You know the shape. You might remember from grade school that the columns and rows are meaningful, and maybe you’ll recall that there were some empty spaces towards the end that needed to be filled. The periodic table of elements has been hanging in classrooms and chemistry labs all over the world for decades. So what would you do if I were to tell you that the table’s classification system might not be totally right?

The table arranges the elements based on their proton numbers, that’s how we define them to be elements. They are also arranged based on their electron configurations and it is the electrons that give elements their chemical properties, with the rows, or groups of the table containing chemically similar elements. For 150 years the table has allowed us to predict what new elements were going to do based on their placements, before they were discovered. Until, that is, we started discovering the super heavy elements. These are elements above number 102, and they’re starting to behave in really strange ways. Oganesson for example, element 118 and one of the last ones to be named in 2016, should be the last noble gas on the table, but word is that it’s behaving more like the volatile elements of in the nitrogen group, whereas Copernicium, element 112, named after the father of the heliocentric model of the solar system, is behaving more like the noble gases. If we maintain the numerical ordering, the chemical properties don’t follow and if we maintain the chemical properties the numerical order no longer makes sense. And this is just one of the conundrums facing the table, with an international team of scientists trying to determine if we should just adopt a convention, sparking a debate about one of the most celebrated members of the scientific community. Maybe the shape needs to change. The community has asked for further experiments and information to try and figure out what to do.

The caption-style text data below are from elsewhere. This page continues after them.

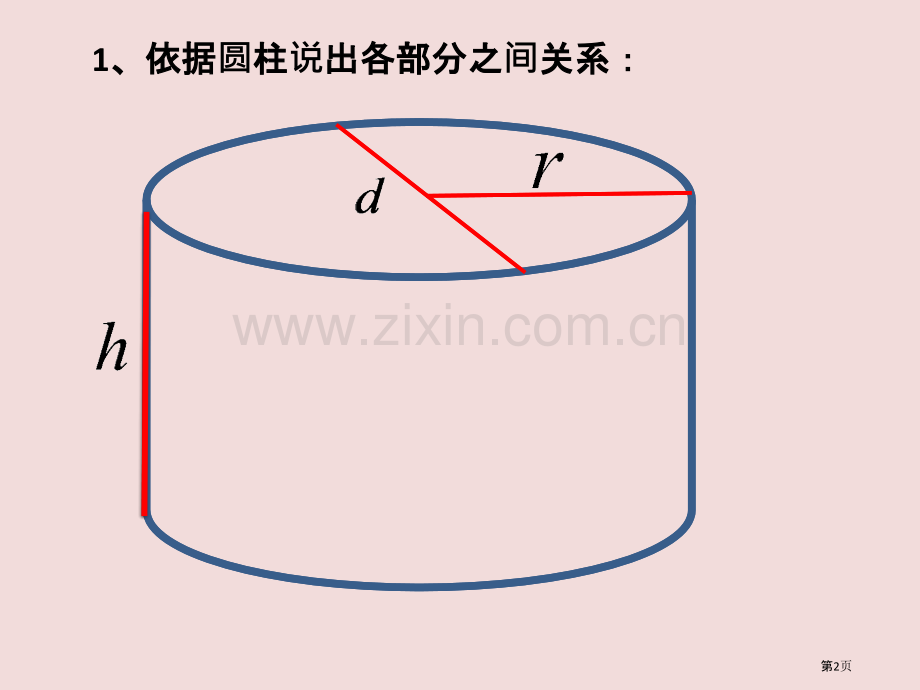 圆柱的表面积和体积复习省公共课一等奖全国赛课获奖课件.pptx_第1页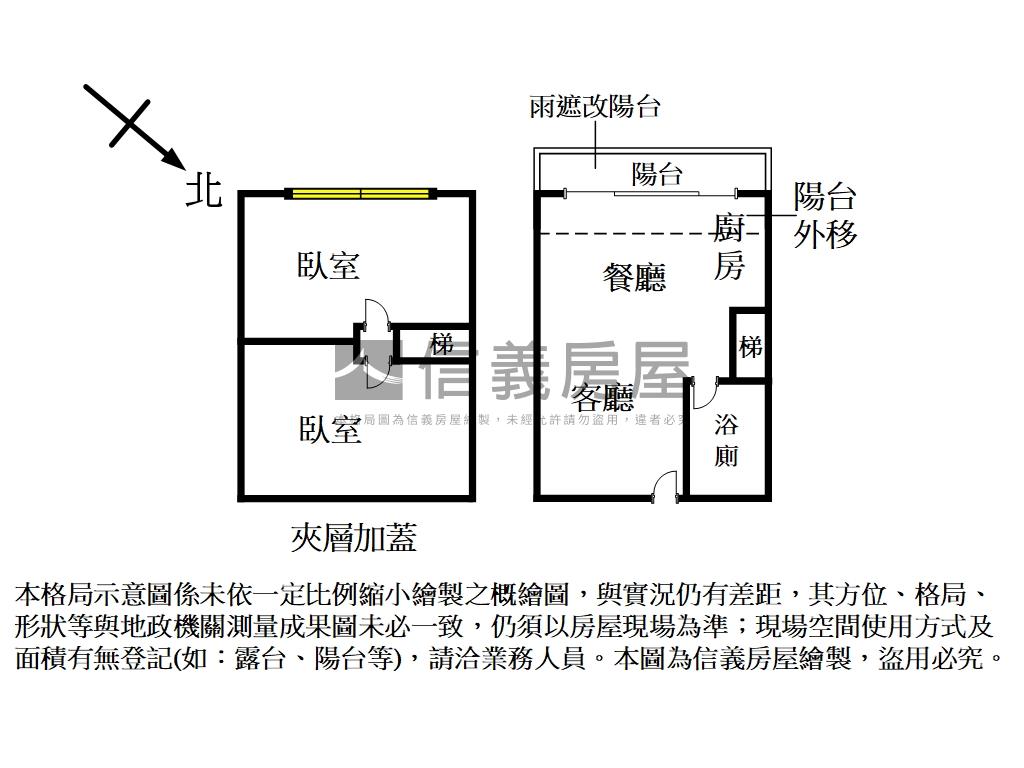 高鐵區｜德翼Ｂ２平面車位房屋室內格局與周邊環境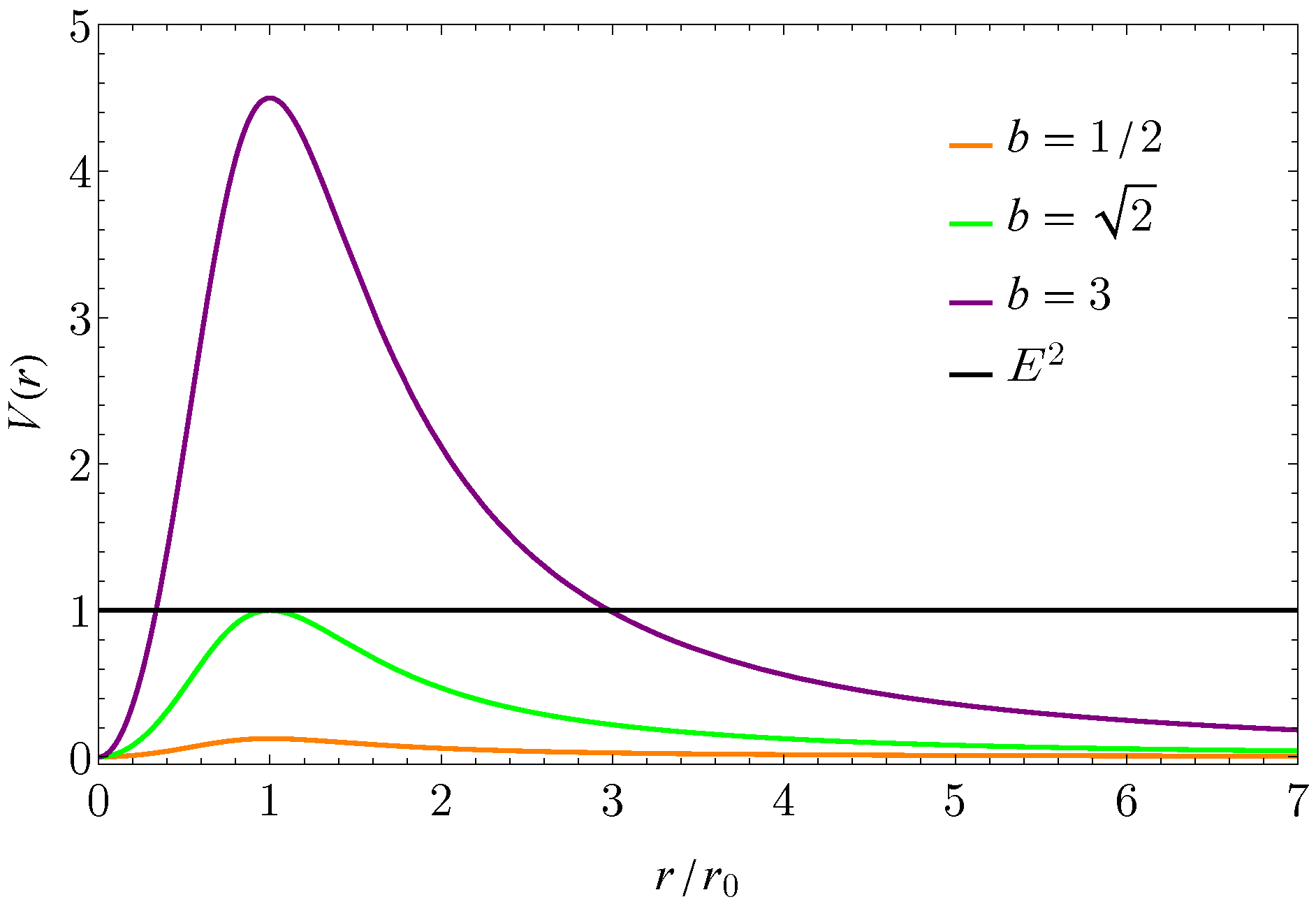 Universe 10 00459 g002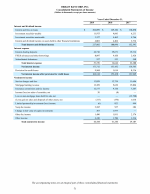 - Consolidated Statements of Income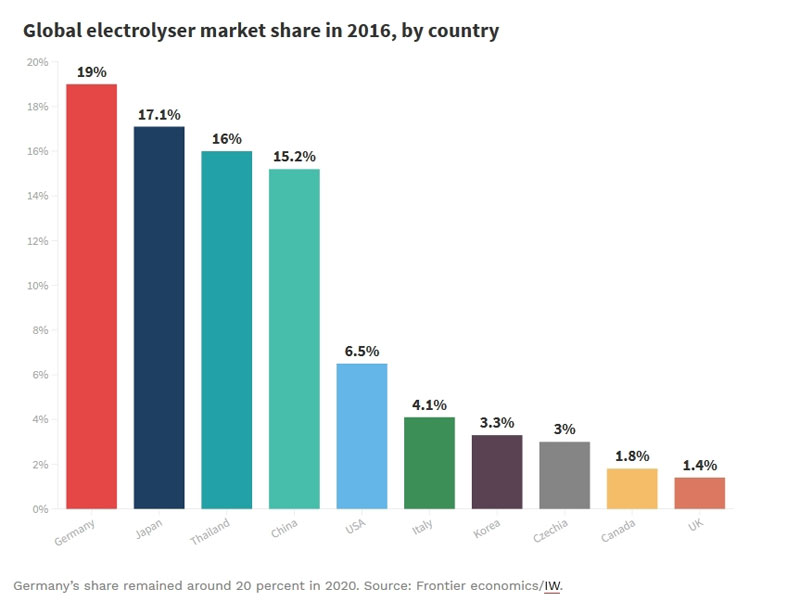 Germany’s share remained around 20 percent in 2020. Source: Frontier economics/IW.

However, experiments with the superheavies are difficult to do. The first hurdle is that they’re pretty difficult to make, typically made at the rate of one atom a week or one atom a month. After making them, you then have to watch them react, but since they’re highly radioactive, you have to take your measurements fast enough before your element decays away. This is exactly what we do in the Heavy Elements group at Berkeley lab. Doing modern day alchemy, we make a superheavy element by shooting a beam of particles at a stationary target, and after making our ion we trap it with a series of electric fields, and into the trap, we inject a series of volatile gases to watch the chemical reactions in atom-at-a-time chemistry. By using many gases, we can gain information about the chemical properties and thereby the electron configurations of these exotic elements.

At the rate of one atom a week or one atom a month, it will take a while, but our results will serve to expand the knowledge of the chemistry of the superheavies,  and hopefully one day we can settle the great periodic table debate. Maybe in a decade or two the periodic table of elements won’t look like a table anymore.